ABOUT THIS EXERCISE>
The listing below holds pictures; exclude them. Return exactly the lines from the one with "مرحبا حبايبي هاي" through the one with "الموديل ١٩ المشي".

DATASET CONTENT>
++++++++

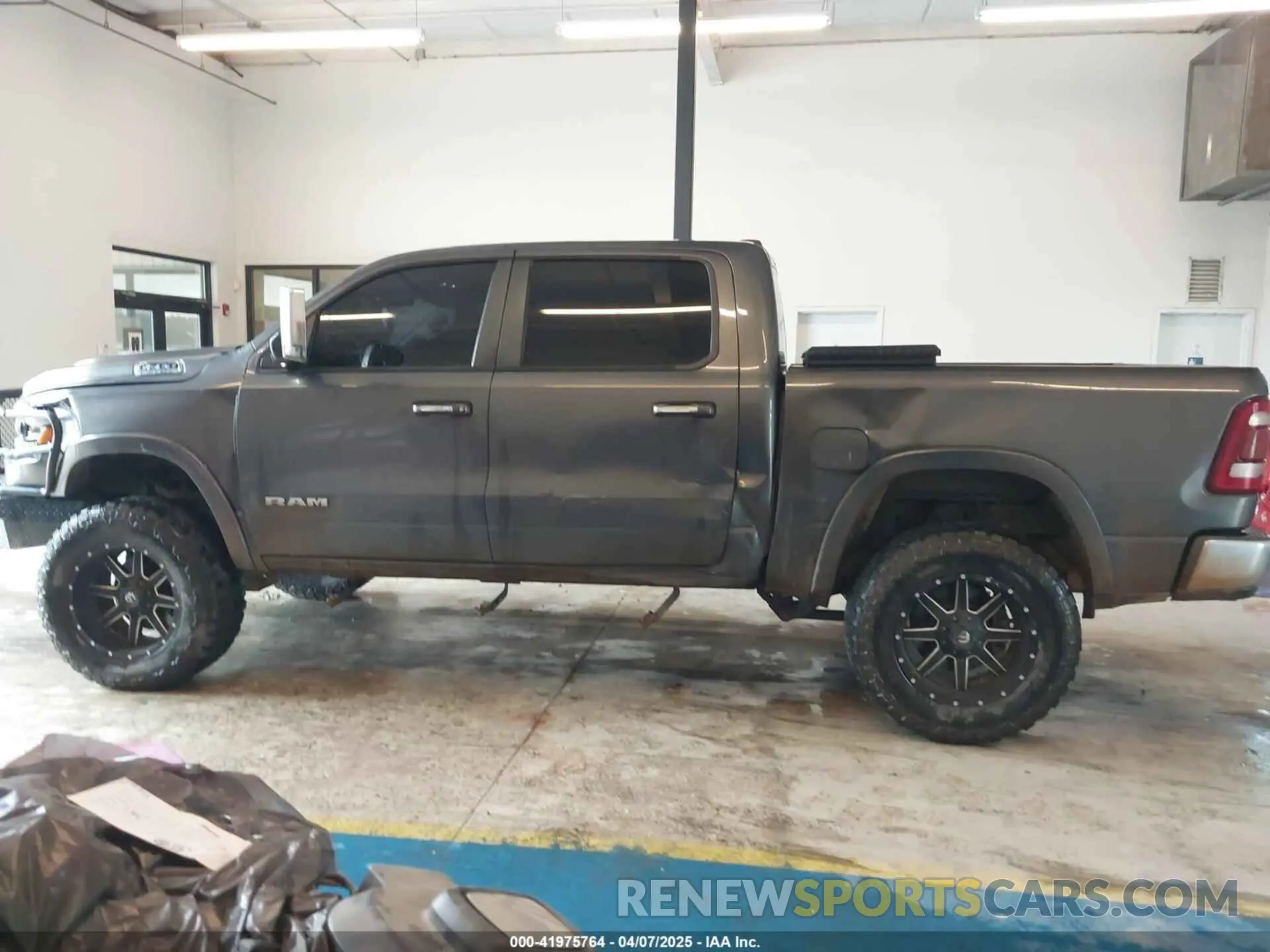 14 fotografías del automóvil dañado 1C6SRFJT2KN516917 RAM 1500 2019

++++++++

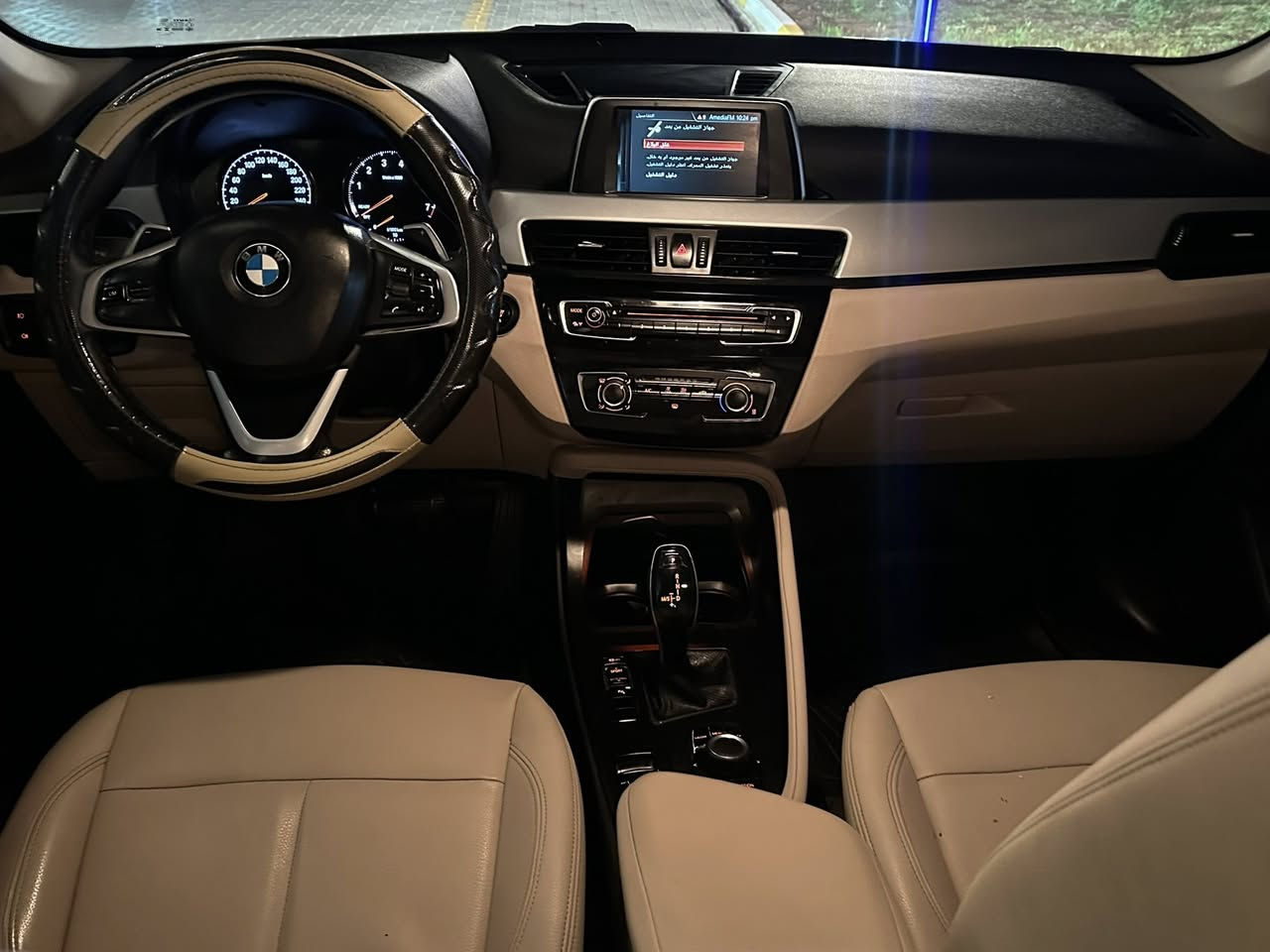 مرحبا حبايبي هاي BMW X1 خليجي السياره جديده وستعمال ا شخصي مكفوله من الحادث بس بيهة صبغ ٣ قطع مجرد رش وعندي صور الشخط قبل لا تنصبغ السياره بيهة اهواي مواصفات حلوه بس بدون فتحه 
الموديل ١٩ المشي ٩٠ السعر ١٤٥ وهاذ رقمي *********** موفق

++++++++

ANSWER>
 مرحبا حبايبي هاي BMW X1 خليجي السياره جديده وستعمال ا شخصي مكفوله من الحادث بس بيهة صبغ ٣ قطع مجرد رش وعندي صور الشخط قبل لا تنصبغ السياره بيهة اهواي مواصفات حلوه بس بدون فتحه 
الموديل ١٩ المشي ٩٠ السعر ١٤٥ وهاذ رقمي *********** موفق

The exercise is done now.